Alors que le monde aura les yeux rivés sur le Brésil pendant un bon mois, s’endettant jusqu’à l’irraisonnable et légitimant les dérives alcoolisées, il est un film qu’il fait bon de voir ou de revoir pour mieux saisir l’absurdité d’un sport sacralisé à l’extrême. COUP DE TÊTE, comédie de Jean-Jacques Annaud discrètement sorti sur les écrans en 1979 mais devenu culte suite à ses multiples rediffusions à la télévison depuis 30 ans, reste une œuvre à (re)découvrir sur biens des points. Petite liste non exhaustive et dans le désordre…
POUR SON HISTOIRE…
Pour tous ceux qui n’auraient jamais vu le film de Jean-Jacques Annaud, metteur en scène encore peu connu à l’époque, une piqûre de rappel s’impose. COUP DE TÊTE se déroule dans une petite ville (imaginaire) de province, Trincamp, où le culte du football est une seconde religion. Les commerces, du bistrot du centre au concessionnaire automobile, ne jurent que par le ballon rond. Et le gros industriel du coin est également le patron de l’équipe local. François Perrin (Patrick Dewaere), membre malgré lui du club de Trincamp, est mis sur la touche après un match. Dans la foulée, il est licencié et se voit injustement accusé de viol, puis incarcéré. Mais la poisse qui parait lui coller à la peau s’évapore à la suite d’un heureux concours de circonstances : après un accident routier paralysant le pilier de l’équipe, Perrin est rappelé en urgence et permet à Trincamp de se qualifier pour la coupe de France. Si la ville oublie rapidement la haine qu’elle a témoigné contre lui, Perrin, jubilant face à ce retournement de situation, décide de rendre la monnaie et prépare sa vengeance…

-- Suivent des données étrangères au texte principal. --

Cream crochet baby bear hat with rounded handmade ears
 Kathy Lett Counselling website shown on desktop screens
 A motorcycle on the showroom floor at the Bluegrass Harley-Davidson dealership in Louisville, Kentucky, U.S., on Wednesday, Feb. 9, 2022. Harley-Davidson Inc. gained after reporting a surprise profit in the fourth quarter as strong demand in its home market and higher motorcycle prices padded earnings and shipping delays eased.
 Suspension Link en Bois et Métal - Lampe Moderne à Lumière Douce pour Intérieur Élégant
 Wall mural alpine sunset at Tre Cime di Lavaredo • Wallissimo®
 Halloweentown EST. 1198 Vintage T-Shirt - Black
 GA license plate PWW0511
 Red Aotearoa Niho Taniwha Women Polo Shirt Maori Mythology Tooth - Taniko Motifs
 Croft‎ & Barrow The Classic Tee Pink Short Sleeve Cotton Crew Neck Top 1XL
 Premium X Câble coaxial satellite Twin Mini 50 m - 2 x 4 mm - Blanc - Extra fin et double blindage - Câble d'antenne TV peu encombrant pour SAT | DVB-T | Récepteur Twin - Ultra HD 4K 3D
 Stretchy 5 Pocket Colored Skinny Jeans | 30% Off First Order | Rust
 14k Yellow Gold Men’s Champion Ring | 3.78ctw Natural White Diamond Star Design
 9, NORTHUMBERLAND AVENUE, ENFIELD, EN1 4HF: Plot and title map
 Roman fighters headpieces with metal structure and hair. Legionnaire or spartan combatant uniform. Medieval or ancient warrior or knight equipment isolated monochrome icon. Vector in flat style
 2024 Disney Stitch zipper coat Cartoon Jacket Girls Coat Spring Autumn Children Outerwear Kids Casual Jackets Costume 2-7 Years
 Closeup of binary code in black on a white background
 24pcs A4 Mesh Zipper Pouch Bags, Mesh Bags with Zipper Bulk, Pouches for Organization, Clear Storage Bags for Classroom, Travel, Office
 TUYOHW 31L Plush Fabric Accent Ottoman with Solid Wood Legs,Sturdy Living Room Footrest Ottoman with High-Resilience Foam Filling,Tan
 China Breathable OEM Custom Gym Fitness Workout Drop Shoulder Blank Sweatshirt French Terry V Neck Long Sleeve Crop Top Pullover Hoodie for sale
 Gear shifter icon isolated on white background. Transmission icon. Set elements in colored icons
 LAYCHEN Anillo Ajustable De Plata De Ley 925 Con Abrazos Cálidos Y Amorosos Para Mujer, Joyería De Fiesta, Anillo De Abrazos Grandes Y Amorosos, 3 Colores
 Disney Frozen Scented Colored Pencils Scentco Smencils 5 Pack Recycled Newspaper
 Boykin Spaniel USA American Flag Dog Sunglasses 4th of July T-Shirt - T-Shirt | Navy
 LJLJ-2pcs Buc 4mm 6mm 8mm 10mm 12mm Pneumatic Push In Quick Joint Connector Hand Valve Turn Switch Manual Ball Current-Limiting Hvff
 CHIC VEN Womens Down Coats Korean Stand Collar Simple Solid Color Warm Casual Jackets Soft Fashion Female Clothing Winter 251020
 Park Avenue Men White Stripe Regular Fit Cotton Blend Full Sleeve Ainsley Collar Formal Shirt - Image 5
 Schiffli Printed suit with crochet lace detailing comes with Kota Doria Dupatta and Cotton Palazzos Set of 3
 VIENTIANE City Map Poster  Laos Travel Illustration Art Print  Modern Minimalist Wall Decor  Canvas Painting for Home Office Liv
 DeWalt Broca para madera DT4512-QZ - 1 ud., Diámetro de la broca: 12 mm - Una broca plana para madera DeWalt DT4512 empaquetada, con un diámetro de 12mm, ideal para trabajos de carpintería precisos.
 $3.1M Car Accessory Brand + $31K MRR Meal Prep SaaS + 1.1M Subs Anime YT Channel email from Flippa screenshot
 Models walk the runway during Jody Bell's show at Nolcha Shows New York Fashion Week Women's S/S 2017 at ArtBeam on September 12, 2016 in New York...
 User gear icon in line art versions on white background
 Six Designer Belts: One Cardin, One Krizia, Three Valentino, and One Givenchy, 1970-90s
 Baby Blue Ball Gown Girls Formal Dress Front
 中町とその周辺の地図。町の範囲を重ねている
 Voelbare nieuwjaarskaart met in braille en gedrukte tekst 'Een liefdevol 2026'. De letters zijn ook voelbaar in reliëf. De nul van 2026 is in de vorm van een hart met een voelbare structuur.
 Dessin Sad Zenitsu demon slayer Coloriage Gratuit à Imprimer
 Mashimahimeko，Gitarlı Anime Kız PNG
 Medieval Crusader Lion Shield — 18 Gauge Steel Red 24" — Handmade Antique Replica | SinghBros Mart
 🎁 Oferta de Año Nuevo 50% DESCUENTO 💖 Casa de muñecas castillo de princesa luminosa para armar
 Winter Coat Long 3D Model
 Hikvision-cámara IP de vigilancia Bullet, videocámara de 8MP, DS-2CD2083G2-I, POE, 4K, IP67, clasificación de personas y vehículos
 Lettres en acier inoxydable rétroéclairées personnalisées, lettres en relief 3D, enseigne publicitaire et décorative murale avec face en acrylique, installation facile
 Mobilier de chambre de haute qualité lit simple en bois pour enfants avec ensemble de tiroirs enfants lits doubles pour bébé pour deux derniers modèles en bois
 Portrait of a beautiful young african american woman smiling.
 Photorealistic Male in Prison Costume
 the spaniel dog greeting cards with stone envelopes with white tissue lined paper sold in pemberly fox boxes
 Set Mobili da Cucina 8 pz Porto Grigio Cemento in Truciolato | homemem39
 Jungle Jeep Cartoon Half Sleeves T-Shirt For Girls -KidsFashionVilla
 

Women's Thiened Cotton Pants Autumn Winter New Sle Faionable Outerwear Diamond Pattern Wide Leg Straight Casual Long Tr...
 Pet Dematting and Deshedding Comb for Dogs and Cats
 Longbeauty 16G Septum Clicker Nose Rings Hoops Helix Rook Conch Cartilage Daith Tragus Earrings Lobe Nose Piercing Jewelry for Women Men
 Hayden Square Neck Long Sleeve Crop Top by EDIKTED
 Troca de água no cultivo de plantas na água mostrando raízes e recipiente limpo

Si depuis la sortie du film Jean-Jacques Annaud s’étonne du succès tardif du film et jure qu’il ne s’agit pas d’un brulôt contre le monde du football, COUP DE TÊTE est très loin d’en faire l’apologie. Bien sûr, il est ici question de la fragilité de la célébrité, de ces moments qui font basculer un inconnu malchanceux vers la gloire. Et le scénario pourrait se dérouler dans un tout autre univers. Mais force est de reconnaître que cette comédie grinçante reste une féroce satire du monde impitoyable du ballon rond. Où comment un sport, et les enjeux politiques et économiques qu’il induit, vont révéler la bassesse d’une ville toute entière. Le trait a beau être appuyé, la justesse de cette chronique n’échappera à personne. Sauf peut-être à la plupart des amateurs de foot qui célèbrent COUP DE TÊTE comme l’une des rares œuvres cinématographiques évoquant leur sport fétiche. On a pas du voir le même film, c’est sûr…
POUR SES SCÈNES CULTES…
Si la réalisation de Jean-Jacques Annaud ne brille ni par l’inventivité de sa mise en scène ni par la beauté de sa photographie, son film s’impose surtout grâce à son excellent casting et ses scènes marquantes. COUP DE TÊTE est devenu une œuvre culte dans le cinéma hexagonal pour ses séquences jubilatoires, interprétées avec talent par une superbe distribution : Jean Bouise, Michel Aumont, Paul Le Person, Gérard Hernandez, France Dougnac, Corinne Marchand, Mario David, Robert Dalban… Un casting qui va puiser dans le meilleur des acteurs français des années 60 et 70 pour mettre en valeur un scénario et des dialogues de Francis Veber.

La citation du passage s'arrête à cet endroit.